▼▼▼
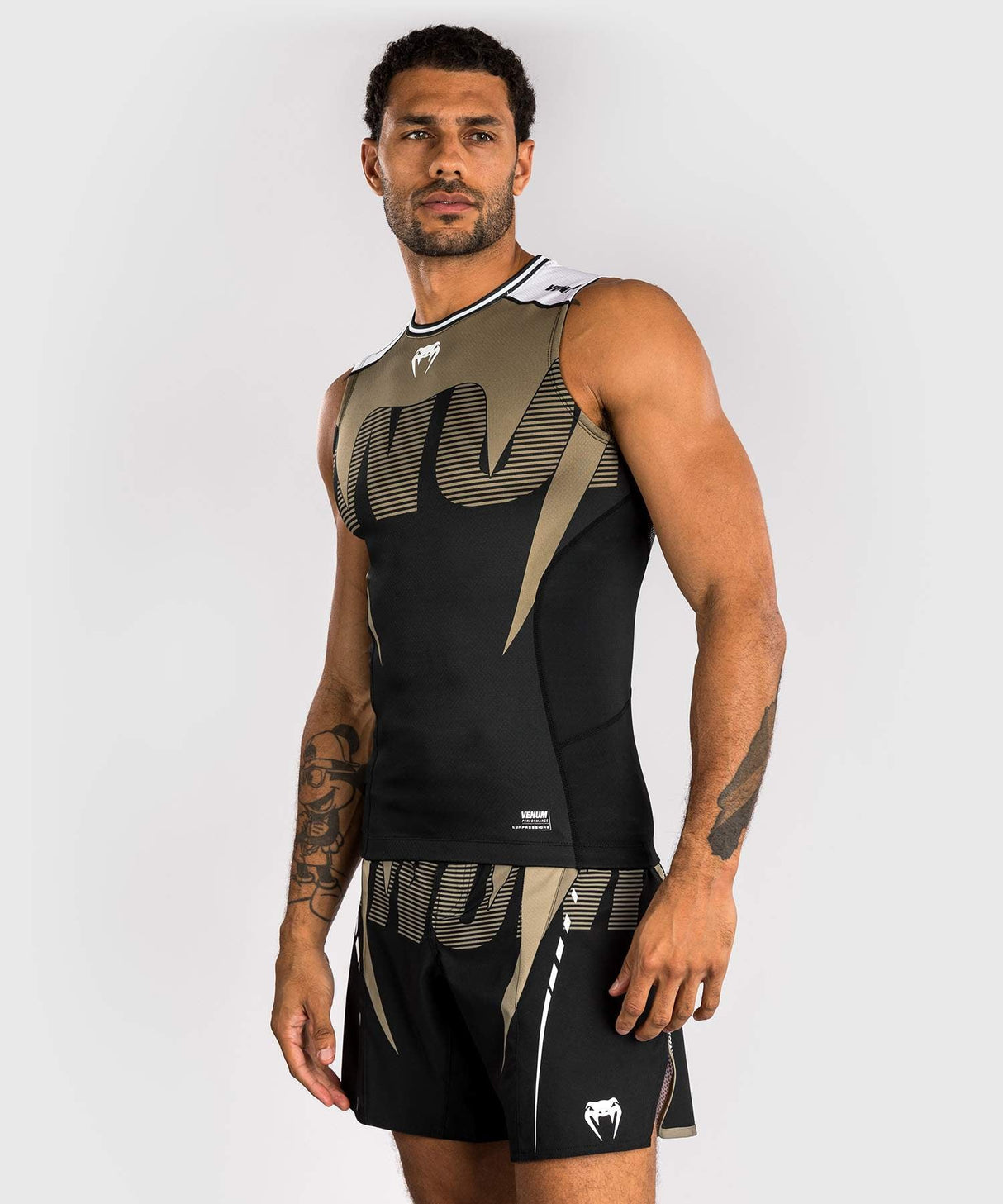 Venum Rashguard Ärmellos Adrenaline – Schwarz/Sand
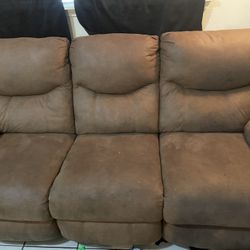 Ashley Furniture 2pcs Boxberg Couches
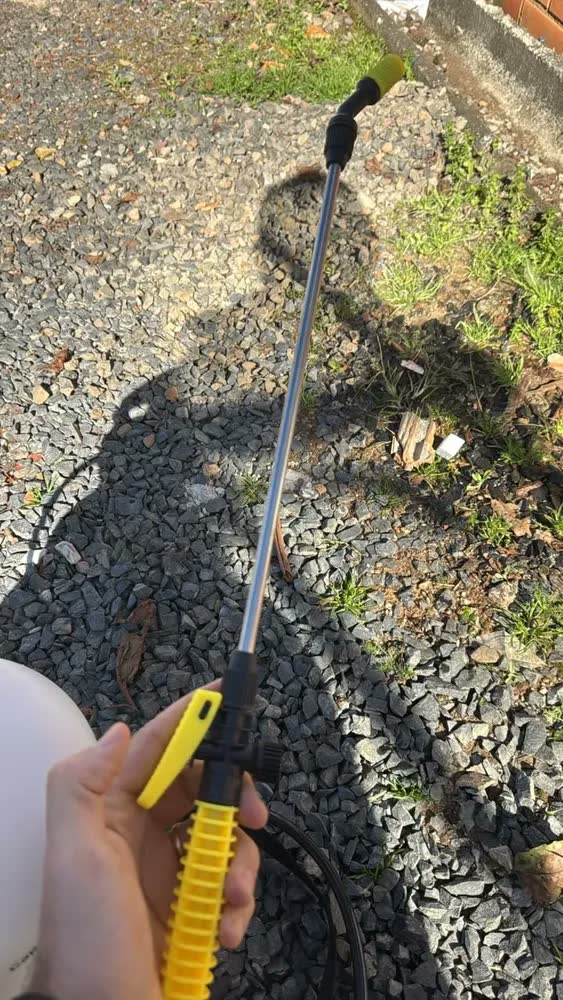 foto de Pulverizador jardim manual costal Compressão Prévia Outmoove 5 litros Bico Ajustável para Jardinagem Limpeza lavação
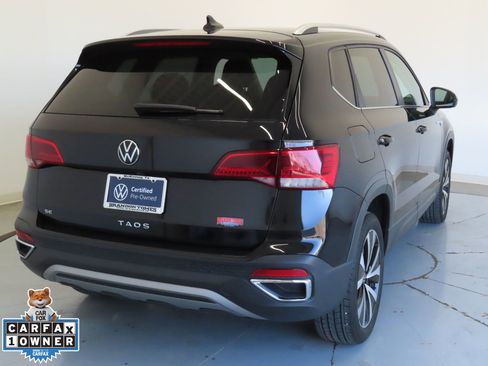 Certified 2024 Volkswagen Taos SE image 4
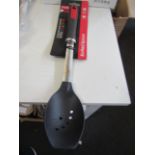 Prestige Pop Slotted Spoon Black/Red RRP 05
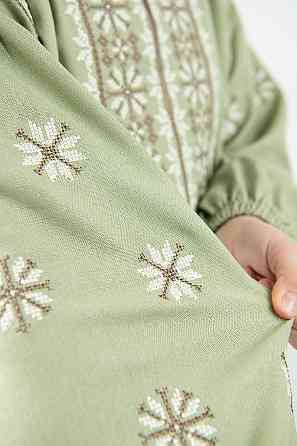 Вишиванка для дівчаток лляна з довгим рукавом, оливкова  Юрма- Одяг Київ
▲▲▲
# [Problem details]
Could you reproduce exactly the lines from the one containing "Ashley Furniture 2pcs Boxberg Couches" through the last line of the records, both included, leaving out the pictures?

# [Task answer]
 Ashley Furniture 2pcs Boxberg Couches
 foto de Pulverizador jardim manual costal Compressão Prévia Outmoove 5 litros Bico Ajustável para Jardinagem Limpeza lavação
 Certified 2024 Volkswagen Taos SE image 4
 Prestige Pop Slotted Spoon Black/Red RRP 05
 Вишиванка для дівчаток лляна з довгим рукавом, оливкова  Юрма- Одяг Київ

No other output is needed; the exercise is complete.